It may be difficult to understand my posts occasionally because of the way I write.

What I was getting at is this: Ordinarily, photographers LEARN first, THEN develop their portfolios, THEN start their business.  

You indicated that you wish to develop your portfolio first, THEN start your business, and THEN learn.  Or possibly do everything all at once, preferably immediately.

There is nothing wrong with setting yourself upon the fast track to success, and I applaud your ambition, but in my experience, learning the art and craft of photography takes time and intensive effort.


----------



## PoetoftheBlack (Jun 24, 2015)

Artificial Lighting actually follows a few rules that carry over from the days of Paintings. So you usually begin with the sort of lighting that the masters used to create for their paintings.

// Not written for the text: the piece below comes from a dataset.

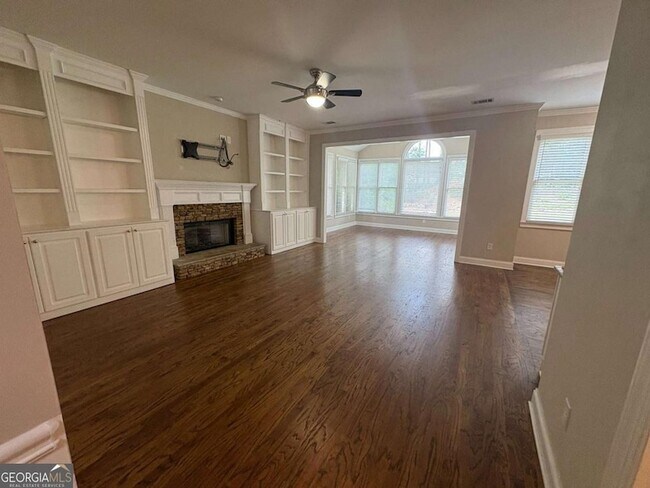 Building Photo - 1150 Lamont Cir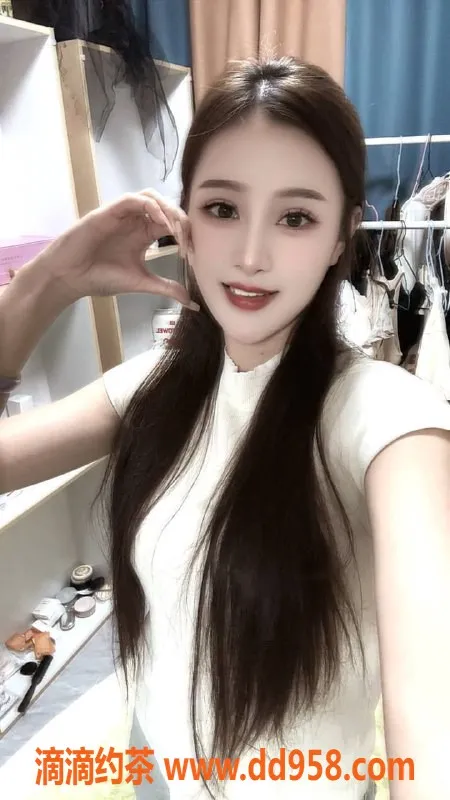 深圳楼凤资源信息,南山嫩妹殷娜，850P起，丝袜制服任你选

This was usually done with oil lamps or other such sources of light.

The famous forms of lighting we usually look at are Rembrandt, Paramount, Broad Lighting and Short Lighting.

The best way to begin would be to look up these lighting methods and recreate them using a normal Construction Light or Bulb and have a friend sit for you.

We basically take these 4 types of lighting and create multiple variations of it.


----------



## SoulfulRecover (Jun 24, 2015)

I bought some stands ($100), a back drop ($60) and a single strobe ($100) and started shooting


----------



## chuasam (Jun 27, 2015)

go to a photography school and take a few classes.
I've been to a couple of the meetup groups, and it felt more like the blind leading the blind....and the one eyed photographer is king.


----------